The most important success factor in involving citizens in Smart City project would be to educate everyone on how these systems work and what to do when they are not working properly.

What is the relationship between a Smart City and Circular Economy?
The relationship between a Smart City and Circular Economy is efficiency and waste reduction. It’s also about technologies with the longest durability and smart systems that can be put in action first by the public sector and then later on as part of private budgets.Cooperation between private and public sector are very important in creating smart cities.

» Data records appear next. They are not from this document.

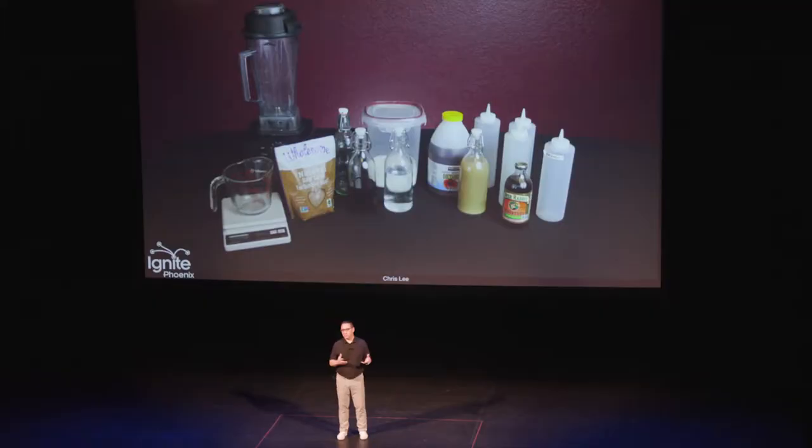As far as the drinks themselves, a big component is citrus. The big thing to think about there is that you want it to be as freshly squeezed as possible. If you're just going to make a couple of drinks, you might as well squeeze it as you go. But if you're going to have a party, maybe squeeze a bunch that day. And then making syrups is easy too.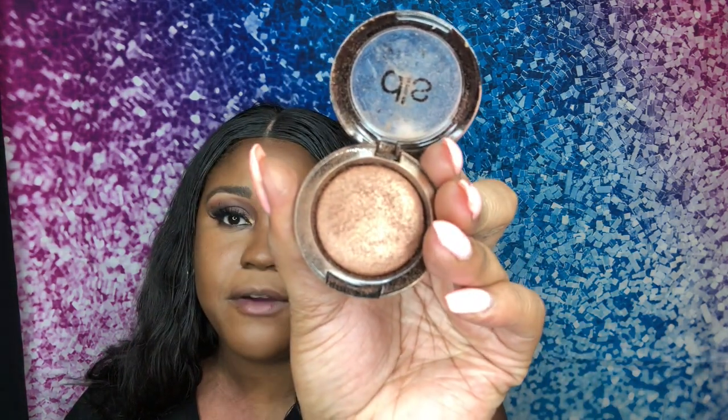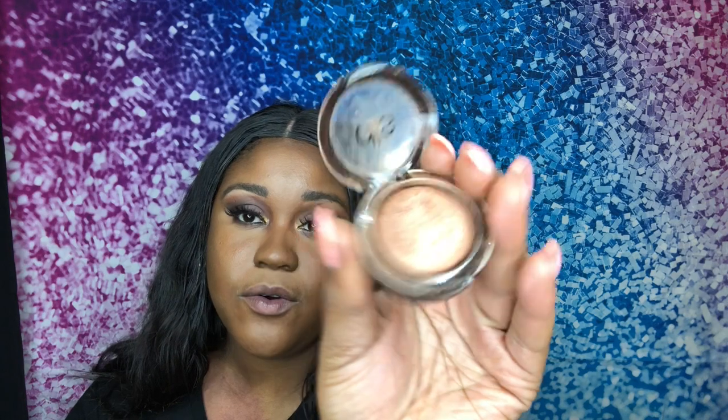I'm using my Dirty Secret highlighter that I got from an Ipsy bag — I honestly don't know where I got it from, but it is called Soda Pop. I'm going to go in with my angled brush and apply the highlights. Can you really have enough highlight though? Is that a thing?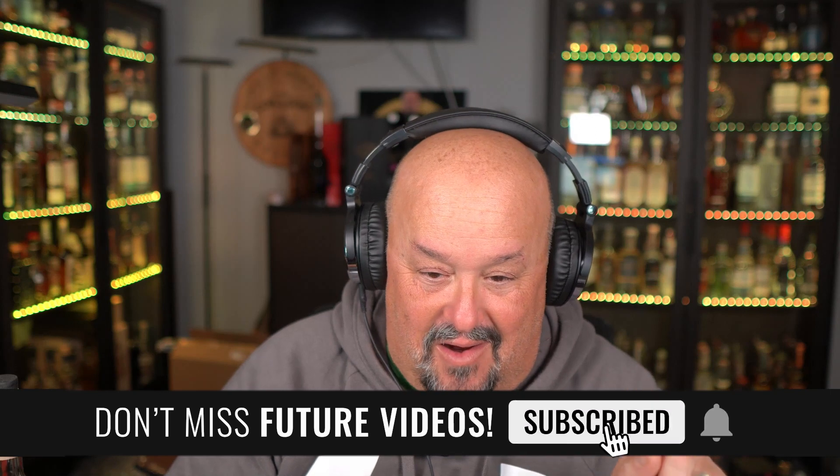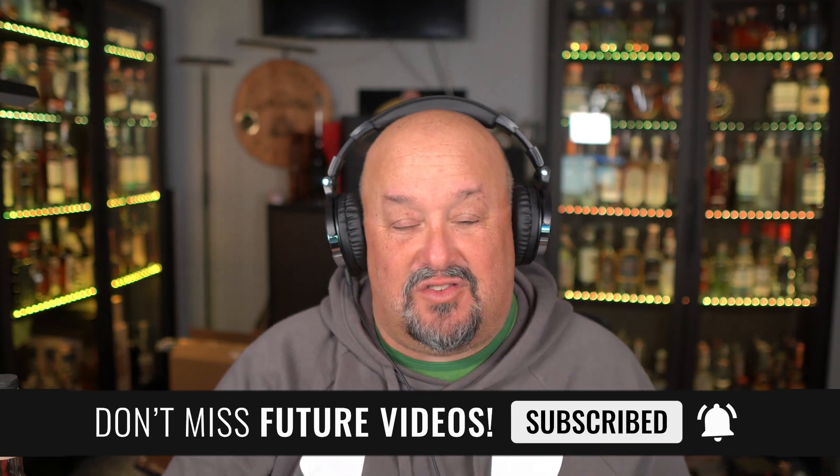If you like the information I shared, make sure you click the like button. If you're new to the channel, welcome — glad you could join us today. Make sure you click that subscribe button and the notification bell so you get notified every time I go live or have a video posted. We'd love to see your comments and have you contribute to the community. Like I always say, life is too short to drink bad tequila. If you want to pick up Cardenas Legacy Tequila, go ahead — you'll be in good shape. Salud.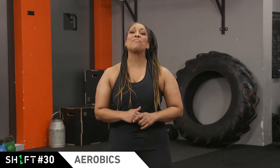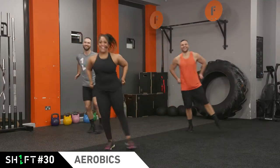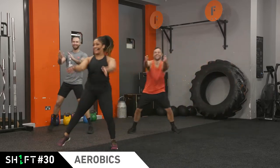Hey squad, it's Vanessa here with the brand new Shift workout. This month we got old school, so let's get ready to pull out some lycra and do some aerobic style movement. Like any good high-low, we start easy and get hard fast.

How can cities attract private partners and convince them to invest?
Cities should get private partners involved in the process by educating them about the benefits in creating smart cities. Private partners need to know how these changes will help their business. There are several ways to do this, and one of the easiest is to convince the Private Sector to invest in publicity budgets for smart cities programs.

What about the future? What kind of smart/circular cities we will have in 2025?
Technology is evolving and everyone wants to take advantage of this growth. Companies are establishing the philosophy of working smarter not harder. By 2025 we will see a tremendous growth in IOT and Smart Cities, which we will all benefit from. However, these same technologies that will be used to create the Smart Cities will produce also a tremendous amount of electrical pollution. The Electromagnetic Interference (EMI), Radio Frequency Interference (RFI), Electrostatic Discharges (ESD) and Data Packing Alteration (DPA) will be so high that the Smart City System will collapse and public exposure to electro pollution will be so high that we will certainly see public health issue like we never saw before.

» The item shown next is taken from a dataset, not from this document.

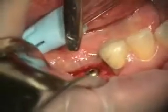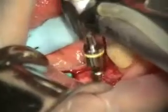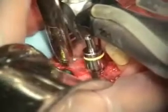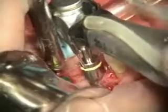This is a BioHorizons bone profiling setup — it has some sleeves and then it has the bone profiler that goes over the sleeve. If we had soft tissue, we would be going in reverse first and then going forward, but since we don't have the soft tissue there, we just go forward and profile the bone.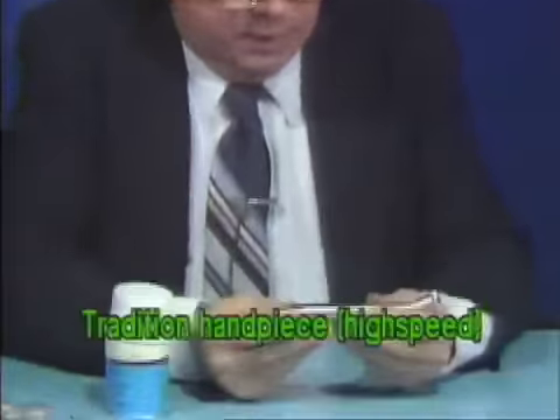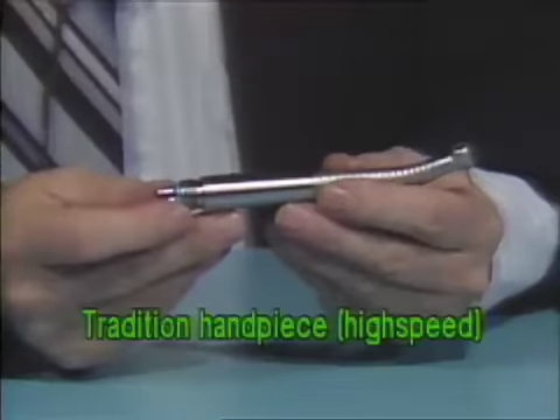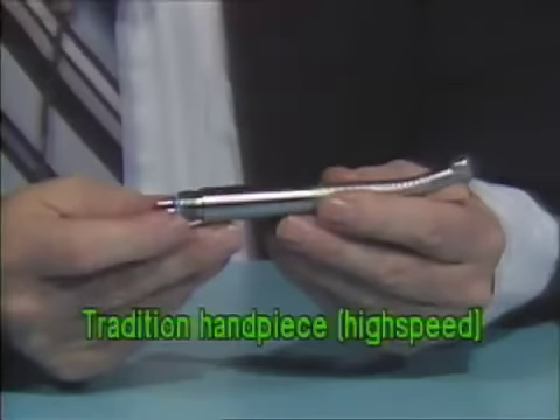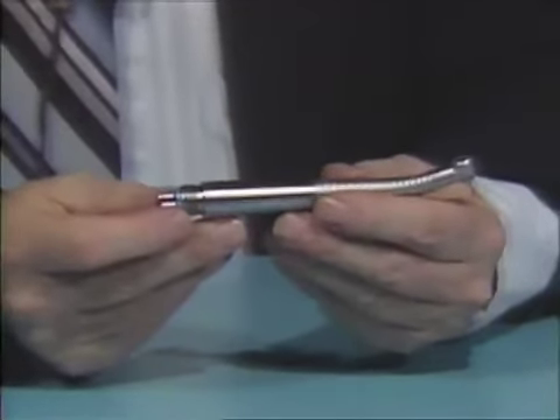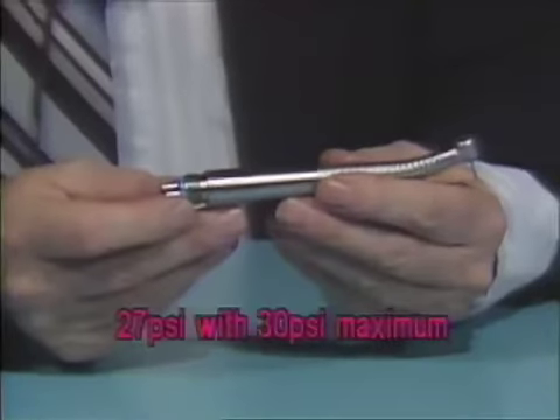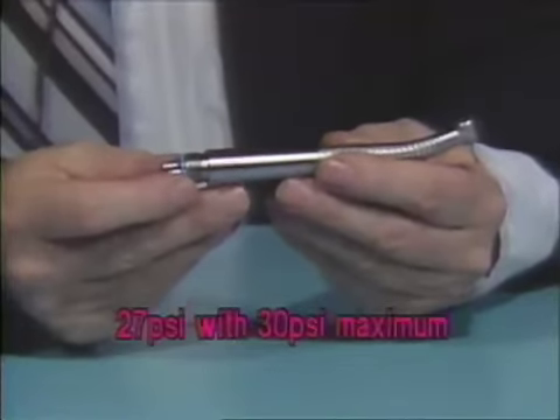This segment covers the care and maintenance of the traditional handpiece. It is a high-speed handpiece. The air pressure it operates efficiently at is 27 PSI, with a maximum of 30 PSI.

The only way to have Sustainable Smart Cities is to take control of the electrical pollution.

Comments (1)

“What do you think is the biggest challenge to develop a successful Smart City project?
The biggest challenge would be making sure … reduce the carbon emissions and also the electro-pollution.”

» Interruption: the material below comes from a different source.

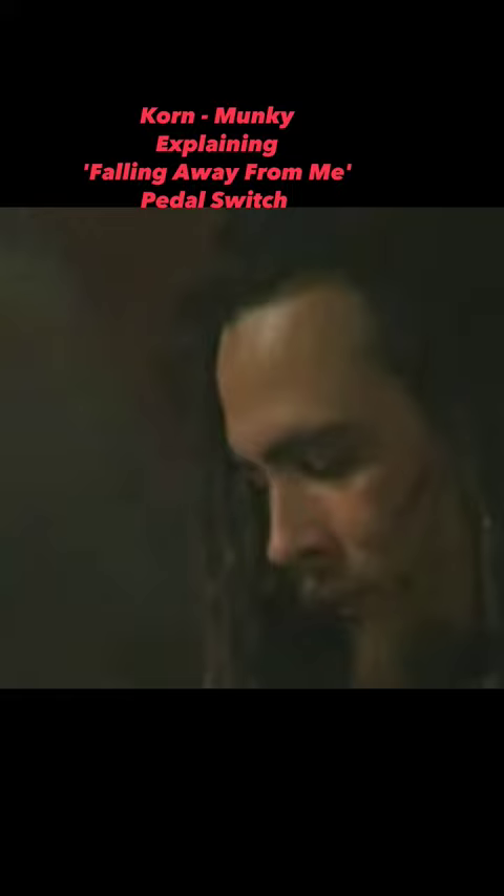Let me show you how the transition works.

Form the first part, there are already solutions to put the carbon emissions to zero in a “full” smart city. About the second part that a bit more difficult to achieve.

How to take control of the electro-pollution?
Here are my two cents. In my opinion, one of the best methods would the use of a compact “hop network”, so a weaker signal could be used, and not centralized huge relay-stations, e.g. cellular networks. For motionless products I would use cabling.